TC, also known as Teutschlander disease,¹ is a rare syndrome characterized by calcium salt deposition in different periarticular soft-tissue regions.² The disorder was first stated by Inclan et al. in 1943.³ It manifests in childhood or adolescence as painless, firm, tumor-like masses around the joints. It is divided into two varieties: primary and secondary.^1,2,4 The primary variety has two subtypes: hyperphosphatemic type with familial basis: mutations in GALNT3, KLOTHO, or FGF23 genes; and normophosphatemic type with mutation in the SAMD9 gene.
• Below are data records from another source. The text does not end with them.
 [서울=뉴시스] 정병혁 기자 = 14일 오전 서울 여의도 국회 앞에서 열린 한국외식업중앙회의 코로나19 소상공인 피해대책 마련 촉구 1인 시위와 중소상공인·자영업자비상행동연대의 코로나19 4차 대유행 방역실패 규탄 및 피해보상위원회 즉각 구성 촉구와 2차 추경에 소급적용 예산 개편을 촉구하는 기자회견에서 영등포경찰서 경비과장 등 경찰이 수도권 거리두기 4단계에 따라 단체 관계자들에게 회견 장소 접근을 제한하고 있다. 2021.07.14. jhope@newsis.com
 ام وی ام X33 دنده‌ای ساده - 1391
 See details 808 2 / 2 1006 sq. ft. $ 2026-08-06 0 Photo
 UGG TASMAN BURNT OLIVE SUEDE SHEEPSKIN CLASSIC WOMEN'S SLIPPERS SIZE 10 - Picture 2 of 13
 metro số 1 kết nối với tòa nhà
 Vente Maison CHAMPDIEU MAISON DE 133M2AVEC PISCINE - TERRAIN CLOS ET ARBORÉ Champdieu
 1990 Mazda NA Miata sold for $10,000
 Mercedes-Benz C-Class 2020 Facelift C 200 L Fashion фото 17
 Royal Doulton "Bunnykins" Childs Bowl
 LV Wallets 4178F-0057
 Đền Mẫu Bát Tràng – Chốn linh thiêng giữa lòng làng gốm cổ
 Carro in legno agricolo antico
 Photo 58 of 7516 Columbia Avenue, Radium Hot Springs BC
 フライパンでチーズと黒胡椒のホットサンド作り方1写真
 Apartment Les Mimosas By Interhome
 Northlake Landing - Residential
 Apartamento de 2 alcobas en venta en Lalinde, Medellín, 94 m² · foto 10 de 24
The secondary variety is mainly associated with chronic kidney disease. Diagnosis is mainly based on imaging modalities. Primary treatment is surgical, but there is high recurrence rate. The hyperphosphatemic variety warrants medical management (phosphate binders/acetazolamide) prior to surgery. The next step for non-responders is subtotal or total parathyroidectomy.^1,2,4

Secondary amyloidosis is a long-term complication of several chronic inflammatory disorders. Organ damage results from the extracellular deposition of proteolytic fragments of serum amyloid A.⁵ There has been only a single case report of TC leading to amyloidosis.⁶ A kidney biopsy was not performed in this case, and amyloidosis was diagnosed by rectal biopsy. Our case is the first reported biopsy-proven case of secondary amyloidosis presenting as nephrotic syndrome attributable to primary TC (hyperphosphatemic; GALNT3 mutation).

Conclusion

This case report imparts three key learning points. First, it underscores the importance of considering TC in differentials of secondary amyloidosis. Second, it highlights a potential long-term complication of unaddressed TC. Lastly, it emphasizes the pivotal role of genetic analysis in cases of chronic soft-tissue calcifications.